The three Navy SEALs accused of detainee abuse, dereliction of duty and lying to investigators have broad public support, but are taking a high-risk gamble. NJP carries only limited punitive potential, but a court martial conviction – should one be made – can have a more permanent effect.
McCabe and Huertas both deferred a decision on whether to be tried by a military judge or jury. Lombardi said they couldn’t choose because they still have not received the prosecution’s evidence.
The men could have accepted a nonjudicial reprimand but wanted to go to trial to clear their names, Lombardi said. A reprimand could have resulted in a loss of rank; if they are convicted at trial, they could get up to a year in jail, a bad conduct discharge, or a loss of rank or pay…

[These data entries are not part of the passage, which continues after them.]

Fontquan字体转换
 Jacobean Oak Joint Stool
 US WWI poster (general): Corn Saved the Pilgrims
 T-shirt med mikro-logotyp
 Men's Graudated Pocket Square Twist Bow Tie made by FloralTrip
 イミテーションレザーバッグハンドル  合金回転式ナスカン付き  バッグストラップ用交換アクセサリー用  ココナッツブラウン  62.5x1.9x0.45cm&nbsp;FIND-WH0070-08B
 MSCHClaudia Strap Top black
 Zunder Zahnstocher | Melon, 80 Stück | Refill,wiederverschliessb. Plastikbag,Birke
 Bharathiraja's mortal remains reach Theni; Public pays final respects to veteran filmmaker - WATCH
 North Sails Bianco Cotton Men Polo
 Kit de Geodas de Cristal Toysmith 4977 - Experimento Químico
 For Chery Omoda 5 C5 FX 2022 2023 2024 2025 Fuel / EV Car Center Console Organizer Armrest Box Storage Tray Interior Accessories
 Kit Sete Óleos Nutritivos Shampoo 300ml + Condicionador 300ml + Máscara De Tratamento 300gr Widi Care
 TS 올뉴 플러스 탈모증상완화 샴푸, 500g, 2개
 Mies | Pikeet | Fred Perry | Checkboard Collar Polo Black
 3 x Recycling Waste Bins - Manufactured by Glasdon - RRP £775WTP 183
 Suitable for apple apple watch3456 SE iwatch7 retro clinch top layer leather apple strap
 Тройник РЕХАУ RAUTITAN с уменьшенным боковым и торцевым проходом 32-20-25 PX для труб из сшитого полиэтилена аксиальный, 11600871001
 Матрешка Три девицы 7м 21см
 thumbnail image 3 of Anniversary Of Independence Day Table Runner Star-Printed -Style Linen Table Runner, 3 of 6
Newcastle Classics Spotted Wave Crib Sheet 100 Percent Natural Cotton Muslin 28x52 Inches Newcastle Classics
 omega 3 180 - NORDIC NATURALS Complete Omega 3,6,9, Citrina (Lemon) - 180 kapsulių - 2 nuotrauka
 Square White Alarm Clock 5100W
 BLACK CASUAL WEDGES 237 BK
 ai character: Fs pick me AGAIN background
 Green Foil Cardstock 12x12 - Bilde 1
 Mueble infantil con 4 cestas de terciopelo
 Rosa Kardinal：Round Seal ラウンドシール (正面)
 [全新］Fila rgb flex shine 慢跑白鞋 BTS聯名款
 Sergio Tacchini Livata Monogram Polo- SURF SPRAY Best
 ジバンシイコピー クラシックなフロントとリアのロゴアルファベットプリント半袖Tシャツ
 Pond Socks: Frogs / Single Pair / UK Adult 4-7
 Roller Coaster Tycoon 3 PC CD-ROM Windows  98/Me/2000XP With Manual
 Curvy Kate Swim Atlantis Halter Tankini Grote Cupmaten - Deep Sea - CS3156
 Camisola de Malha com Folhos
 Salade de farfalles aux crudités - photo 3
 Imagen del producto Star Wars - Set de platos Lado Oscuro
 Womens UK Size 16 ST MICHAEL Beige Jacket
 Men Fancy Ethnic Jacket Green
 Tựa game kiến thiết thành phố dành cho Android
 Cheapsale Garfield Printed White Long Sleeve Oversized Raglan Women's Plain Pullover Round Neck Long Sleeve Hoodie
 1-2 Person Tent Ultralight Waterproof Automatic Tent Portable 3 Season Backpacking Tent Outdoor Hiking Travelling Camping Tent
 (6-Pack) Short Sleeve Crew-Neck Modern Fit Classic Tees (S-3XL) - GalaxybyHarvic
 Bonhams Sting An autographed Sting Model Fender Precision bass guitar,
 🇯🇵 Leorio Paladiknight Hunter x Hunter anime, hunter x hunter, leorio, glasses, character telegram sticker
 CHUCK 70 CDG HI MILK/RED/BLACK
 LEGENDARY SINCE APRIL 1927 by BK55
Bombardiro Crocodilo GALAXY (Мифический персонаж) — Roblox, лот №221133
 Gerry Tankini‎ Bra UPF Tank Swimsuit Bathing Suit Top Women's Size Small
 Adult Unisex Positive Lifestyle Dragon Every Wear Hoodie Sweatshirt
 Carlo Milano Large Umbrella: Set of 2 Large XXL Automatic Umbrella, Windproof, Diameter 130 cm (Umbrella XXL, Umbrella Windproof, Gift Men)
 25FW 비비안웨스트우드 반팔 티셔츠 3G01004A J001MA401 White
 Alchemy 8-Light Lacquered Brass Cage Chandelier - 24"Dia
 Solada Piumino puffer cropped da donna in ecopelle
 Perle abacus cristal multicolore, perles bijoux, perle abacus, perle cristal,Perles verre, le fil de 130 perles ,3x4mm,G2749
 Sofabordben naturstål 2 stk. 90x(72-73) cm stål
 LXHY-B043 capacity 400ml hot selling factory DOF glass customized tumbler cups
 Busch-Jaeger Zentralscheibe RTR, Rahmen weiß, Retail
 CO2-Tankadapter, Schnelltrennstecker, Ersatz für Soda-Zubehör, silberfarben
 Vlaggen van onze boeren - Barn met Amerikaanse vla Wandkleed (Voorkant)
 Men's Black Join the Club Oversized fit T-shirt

Military officials have cautioned against a public rush to judgment, saying a true picture will emerge when all the evidence is heard. However, more than 45,000 people have signed onto a Facebook page supporting the SEALs, and U.S. Rep. Duncan Hunter, R-Calif., said in a letter to Gates last week that the prosecution was an overreaction by the military.
The gamble could well work out: Courts martial have defined rules of evidence and procedure, while a captain’s mast depends much upon the commanding officer’s personal whim as his professionalism. A man who knows he’s guilty would do well to stand before his CO and take his knocks, such as they are. One who knows he’s innocent would do far better to go before CM. In between there is a gray area.
At sea, by the way, a sailor may not choose to refuse mast in favor of court martial.
Still, a court martial is not all beer and skittles, and the service – subject to such intense media scrutiny – may well have its back up. I’m reminded of the final two articles in the Laws of the Navy:
Uncharted the rocks that surround thee,
Take heed that the channels thou learn,
Lest thy name serve to buoy for another
That shoal the “Court-Martial Return”.
Though a Harveyised belt may protect her
The ship bears the scar on her side;’
‘Tis well if the Court should acquit thee –
But ’twere best had’st thou never been tried.
To be fair to all parties, you can at least trust that a military court martial has certain advantages over purely political prosecution decisions.